Toutefois, les opportunités ne seront pas uniformes. À court terme, les investisseurs doivent arbitrer entre l’attrait des maturités courtes favorables au portage et le risque de rendements long terme plus élevés. La sélection des secteurs sera déterminante : les émetteurs sensibles aux taux d'intérêt (financières, services collectifs) devraient bénéficier d'un financement moins onéreux, tandis que les secteurs cycliques (automobile, chimie) pourraient rester sous pression. Le message est cohérent des deux côtés de l’Atlantique: la pentification des courbes crée une opportunité tactique pour les investisseurs positionnés sur les segments court et intermédiaire de la courbe.
Conclusion : Le retour de la pente de la courbe
Le retour de courbes de rendement pentues est à la fois un signal et une opportunité.
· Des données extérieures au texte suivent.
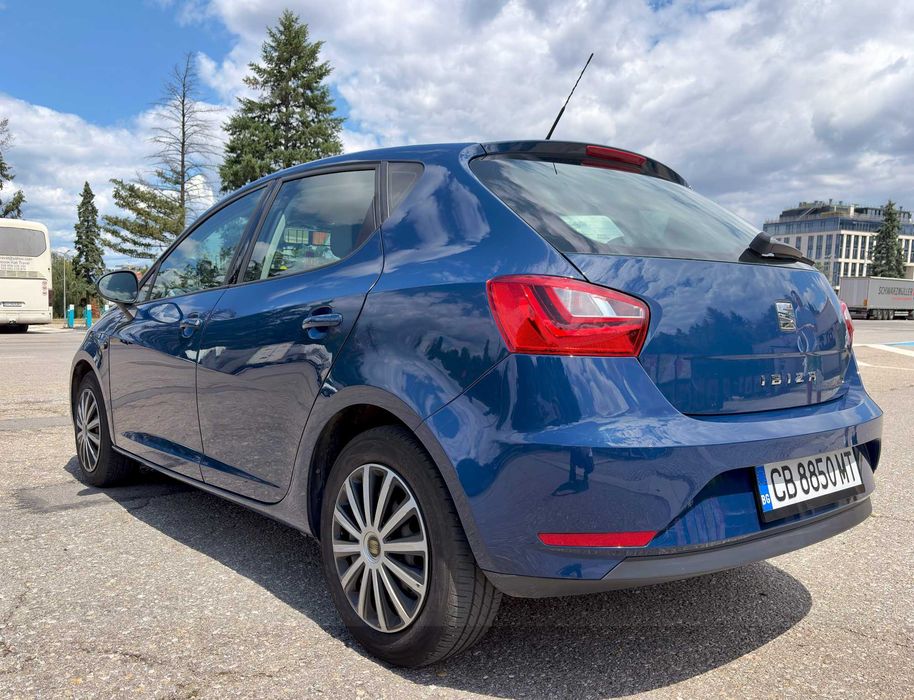 Продавам Seat Ibiza 2017г. 1.0 MPI на 90.000км. в ПЕРФЕКТНО състояние!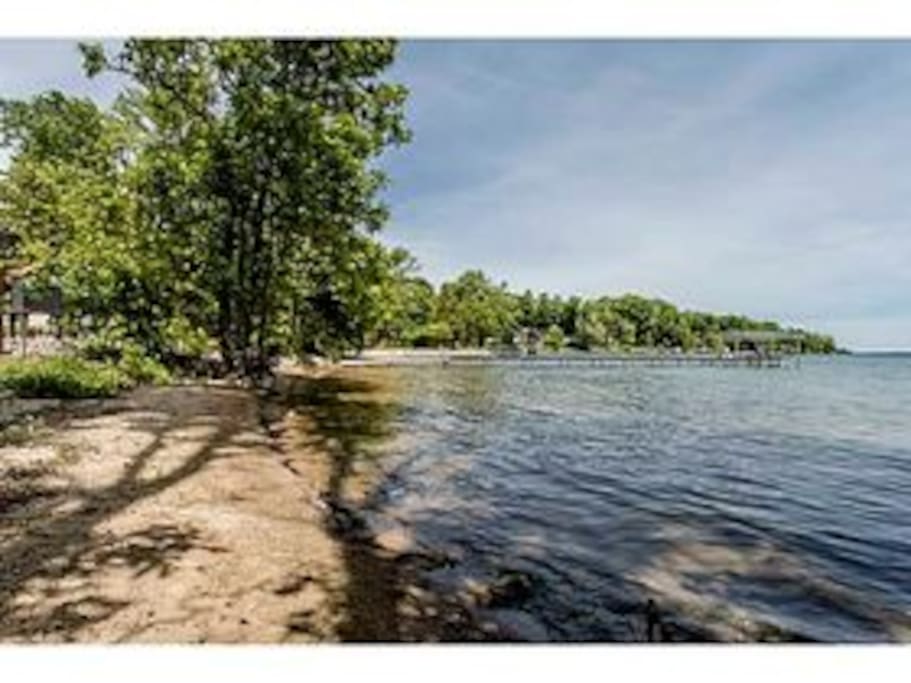 2 minute walk to deeded sandy beach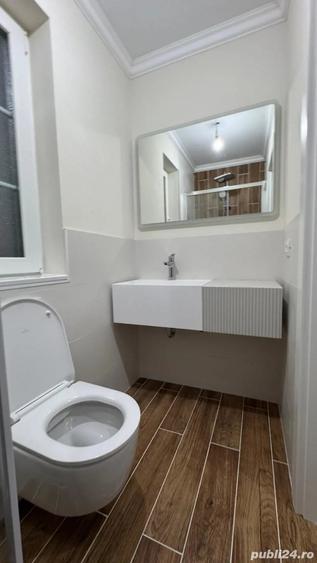 Casă cu 5 camere cu Teren 250 Mp în Central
Il reflète les limites de la politique monétaire, la persistance de l'expansion budgétaire et la revalorisation du risque d'inflation. Pour les investisseurs en taux, les stratégies de pentification et les instruments indexés sur l'inflation offrent des opportunités intéressantes. Pour les investisseurs en crédit, un bull-steepening implique un environnement favorable pour les maturités courtes à intermédiaires. Il sera essentiel de gérer cette transition avec discipline et sélectivité, car le retour de la pente de la courbe annonce à la fois des opportunités de marché et le retour de la volatilité.